Woodward Fischer, Ph.D.

Professor of Geobiology, Geological and Planetary Sciences, California Institute of TechnologyWoodward Fischer’s website
Portrait photo of Woodward Fischer

SCOL Project: Understanding the Chemistry of Early Earth Subaerial Environments

There has been sustained effort from geologists to interrogate the early rock record; this has focused on marine rocks. Here we propose to study subaerial deposits — deposits that were exposed to, and interacted with, the atmosphere, and capture the processes and chemistry occurring in drier environments: rivers, floodplains, wind-blown dunes, and small bodies of water that episodically accumulated between dunes.
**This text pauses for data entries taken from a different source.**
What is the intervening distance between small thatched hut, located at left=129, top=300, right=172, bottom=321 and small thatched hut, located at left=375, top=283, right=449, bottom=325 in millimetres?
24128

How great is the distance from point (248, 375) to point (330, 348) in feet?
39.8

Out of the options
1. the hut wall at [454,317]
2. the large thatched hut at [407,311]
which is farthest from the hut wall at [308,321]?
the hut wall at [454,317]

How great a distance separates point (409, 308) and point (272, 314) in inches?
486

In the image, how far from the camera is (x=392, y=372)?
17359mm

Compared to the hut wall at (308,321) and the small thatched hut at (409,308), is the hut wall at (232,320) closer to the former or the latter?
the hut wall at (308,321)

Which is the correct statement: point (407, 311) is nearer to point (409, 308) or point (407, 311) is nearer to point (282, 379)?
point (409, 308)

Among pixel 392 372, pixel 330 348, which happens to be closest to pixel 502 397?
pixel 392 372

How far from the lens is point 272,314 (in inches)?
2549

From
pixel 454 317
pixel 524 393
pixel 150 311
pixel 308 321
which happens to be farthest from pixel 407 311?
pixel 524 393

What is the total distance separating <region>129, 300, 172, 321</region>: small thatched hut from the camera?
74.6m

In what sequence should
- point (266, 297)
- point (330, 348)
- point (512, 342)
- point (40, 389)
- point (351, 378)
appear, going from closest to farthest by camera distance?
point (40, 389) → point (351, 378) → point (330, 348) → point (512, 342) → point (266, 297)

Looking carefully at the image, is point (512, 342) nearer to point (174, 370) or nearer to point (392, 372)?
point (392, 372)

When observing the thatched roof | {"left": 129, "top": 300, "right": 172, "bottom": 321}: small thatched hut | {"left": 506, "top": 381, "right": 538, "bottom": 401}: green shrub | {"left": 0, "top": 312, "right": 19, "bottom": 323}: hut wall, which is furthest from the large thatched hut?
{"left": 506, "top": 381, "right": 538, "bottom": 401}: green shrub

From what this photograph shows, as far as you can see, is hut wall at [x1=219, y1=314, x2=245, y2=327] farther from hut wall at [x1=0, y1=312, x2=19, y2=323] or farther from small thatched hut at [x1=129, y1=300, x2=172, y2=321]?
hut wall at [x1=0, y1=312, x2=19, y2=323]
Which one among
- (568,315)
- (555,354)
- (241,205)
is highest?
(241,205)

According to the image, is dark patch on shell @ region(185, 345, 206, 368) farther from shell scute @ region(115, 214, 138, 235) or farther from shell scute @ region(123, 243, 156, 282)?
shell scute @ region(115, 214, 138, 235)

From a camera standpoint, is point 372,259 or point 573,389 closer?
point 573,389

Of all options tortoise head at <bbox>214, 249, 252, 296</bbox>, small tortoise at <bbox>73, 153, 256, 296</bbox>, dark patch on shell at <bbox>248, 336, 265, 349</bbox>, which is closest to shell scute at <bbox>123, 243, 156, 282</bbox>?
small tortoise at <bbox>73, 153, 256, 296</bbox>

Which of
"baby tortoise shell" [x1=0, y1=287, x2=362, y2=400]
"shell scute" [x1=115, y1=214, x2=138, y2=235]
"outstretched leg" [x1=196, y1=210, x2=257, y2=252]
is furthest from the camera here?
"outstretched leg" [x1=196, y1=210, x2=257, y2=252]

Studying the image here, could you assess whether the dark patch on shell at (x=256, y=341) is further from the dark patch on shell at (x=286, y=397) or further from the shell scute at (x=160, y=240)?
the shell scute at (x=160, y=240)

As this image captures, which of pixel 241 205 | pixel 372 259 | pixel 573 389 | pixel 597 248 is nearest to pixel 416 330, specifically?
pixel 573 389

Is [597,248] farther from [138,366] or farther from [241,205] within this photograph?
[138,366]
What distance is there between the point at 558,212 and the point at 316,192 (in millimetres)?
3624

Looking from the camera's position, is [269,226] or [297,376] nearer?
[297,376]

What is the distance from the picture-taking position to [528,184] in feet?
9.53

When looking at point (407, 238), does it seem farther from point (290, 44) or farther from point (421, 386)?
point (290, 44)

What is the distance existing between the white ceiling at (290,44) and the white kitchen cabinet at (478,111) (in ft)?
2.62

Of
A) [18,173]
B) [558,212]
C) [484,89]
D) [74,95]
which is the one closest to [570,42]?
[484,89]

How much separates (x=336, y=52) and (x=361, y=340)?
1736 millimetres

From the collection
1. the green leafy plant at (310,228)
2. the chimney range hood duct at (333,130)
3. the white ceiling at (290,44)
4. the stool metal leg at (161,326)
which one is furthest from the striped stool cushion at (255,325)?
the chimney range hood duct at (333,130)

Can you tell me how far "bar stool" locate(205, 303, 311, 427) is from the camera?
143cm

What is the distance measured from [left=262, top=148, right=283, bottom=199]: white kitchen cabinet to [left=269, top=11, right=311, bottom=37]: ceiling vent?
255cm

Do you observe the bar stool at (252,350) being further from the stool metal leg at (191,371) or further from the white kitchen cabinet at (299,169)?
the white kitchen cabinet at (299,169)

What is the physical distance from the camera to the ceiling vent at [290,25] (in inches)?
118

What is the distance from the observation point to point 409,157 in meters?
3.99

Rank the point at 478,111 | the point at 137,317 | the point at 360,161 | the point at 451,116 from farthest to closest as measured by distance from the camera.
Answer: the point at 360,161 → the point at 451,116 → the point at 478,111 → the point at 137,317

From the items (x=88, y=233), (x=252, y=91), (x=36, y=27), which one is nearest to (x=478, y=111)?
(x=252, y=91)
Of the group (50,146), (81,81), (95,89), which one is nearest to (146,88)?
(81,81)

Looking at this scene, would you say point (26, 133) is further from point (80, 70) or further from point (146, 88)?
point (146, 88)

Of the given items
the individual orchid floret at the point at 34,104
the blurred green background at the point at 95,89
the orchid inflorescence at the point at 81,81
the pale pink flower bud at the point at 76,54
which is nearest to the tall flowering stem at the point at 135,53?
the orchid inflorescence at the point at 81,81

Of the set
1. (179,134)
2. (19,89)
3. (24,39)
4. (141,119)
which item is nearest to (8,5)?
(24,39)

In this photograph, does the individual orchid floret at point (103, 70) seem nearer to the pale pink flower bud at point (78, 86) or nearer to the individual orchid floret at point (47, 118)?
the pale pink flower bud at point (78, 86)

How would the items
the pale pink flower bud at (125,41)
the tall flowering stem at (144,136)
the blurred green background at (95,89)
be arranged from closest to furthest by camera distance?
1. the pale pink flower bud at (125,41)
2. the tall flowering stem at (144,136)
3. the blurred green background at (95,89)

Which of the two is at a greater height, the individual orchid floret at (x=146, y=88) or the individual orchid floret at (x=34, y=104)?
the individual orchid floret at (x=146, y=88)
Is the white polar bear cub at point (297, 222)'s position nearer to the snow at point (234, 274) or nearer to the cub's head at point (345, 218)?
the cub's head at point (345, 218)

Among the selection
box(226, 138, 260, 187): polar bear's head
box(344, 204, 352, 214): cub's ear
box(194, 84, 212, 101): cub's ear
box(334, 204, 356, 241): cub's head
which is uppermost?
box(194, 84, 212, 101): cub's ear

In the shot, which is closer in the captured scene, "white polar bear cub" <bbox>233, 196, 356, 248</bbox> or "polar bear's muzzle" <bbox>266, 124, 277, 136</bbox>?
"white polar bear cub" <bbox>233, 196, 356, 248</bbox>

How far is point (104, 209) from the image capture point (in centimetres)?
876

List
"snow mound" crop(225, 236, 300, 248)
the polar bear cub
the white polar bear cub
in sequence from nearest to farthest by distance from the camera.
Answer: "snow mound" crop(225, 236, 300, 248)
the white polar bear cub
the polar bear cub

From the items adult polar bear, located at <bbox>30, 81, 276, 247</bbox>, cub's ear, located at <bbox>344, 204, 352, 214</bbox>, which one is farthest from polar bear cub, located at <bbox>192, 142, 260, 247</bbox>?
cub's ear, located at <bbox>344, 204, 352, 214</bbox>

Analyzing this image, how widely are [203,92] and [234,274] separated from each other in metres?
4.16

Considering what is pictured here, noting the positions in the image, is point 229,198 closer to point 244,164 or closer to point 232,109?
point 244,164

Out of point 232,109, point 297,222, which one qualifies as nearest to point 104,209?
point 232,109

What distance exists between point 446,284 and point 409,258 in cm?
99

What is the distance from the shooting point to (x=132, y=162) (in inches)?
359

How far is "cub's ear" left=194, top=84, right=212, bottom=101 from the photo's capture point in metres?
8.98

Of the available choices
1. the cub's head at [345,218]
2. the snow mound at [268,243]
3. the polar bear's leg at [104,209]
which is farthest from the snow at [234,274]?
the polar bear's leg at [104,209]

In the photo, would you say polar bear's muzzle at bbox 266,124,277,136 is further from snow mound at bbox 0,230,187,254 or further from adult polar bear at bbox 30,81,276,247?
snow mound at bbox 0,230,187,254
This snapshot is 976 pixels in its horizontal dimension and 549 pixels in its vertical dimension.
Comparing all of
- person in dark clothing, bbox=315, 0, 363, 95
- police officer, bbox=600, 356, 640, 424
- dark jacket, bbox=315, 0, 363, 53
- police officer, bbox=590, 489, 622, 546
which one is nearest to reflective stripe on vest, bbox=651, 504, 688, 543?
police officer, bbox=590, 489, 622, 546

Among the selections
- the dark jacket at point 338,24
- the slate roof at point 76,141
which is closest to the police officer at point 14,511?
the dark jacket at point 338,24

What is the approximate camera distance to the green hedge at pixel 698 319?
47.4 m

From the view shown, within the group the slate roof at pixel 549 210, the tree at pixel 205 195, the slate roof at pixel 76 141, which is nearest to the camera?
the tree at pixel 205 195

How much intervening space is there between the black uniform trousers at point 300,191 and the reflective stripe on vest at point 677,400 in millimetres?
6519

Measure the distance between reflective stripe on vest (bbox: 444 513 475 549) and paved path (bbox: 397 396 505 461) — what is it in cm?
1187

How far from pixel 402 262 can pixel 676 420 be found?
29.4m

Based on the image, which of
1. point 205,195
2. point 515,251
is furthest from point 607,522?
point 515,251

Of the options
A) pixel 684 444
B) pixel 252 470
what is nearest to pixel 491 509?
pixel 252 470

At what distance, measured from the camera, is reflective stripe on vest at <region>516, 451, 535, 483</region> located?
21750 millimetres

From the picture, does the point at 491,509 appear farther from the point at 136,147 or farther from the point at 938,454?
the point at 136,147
Rocks from such environments in the early sedimentary rock record are exceedingly rare — but they do exist. We will investigate these rocks and use these observations to directly test and strengthen environmental chemistry concepts developed in the Simons Collaboration on the Origins of Life.

Bio: 
Woodward Fischer holds a B.A. from Colorado College and a Ph.D. from Harvard. Dr. Fischer is often called by his nickname, Woody. His research generally falls in the discipline of geobiology — combining techniques from field geology, analytical chemistry, and biology — to understand and explore the relationships between life and Earth surface environments through diverse and fundamental transitions in Earth history.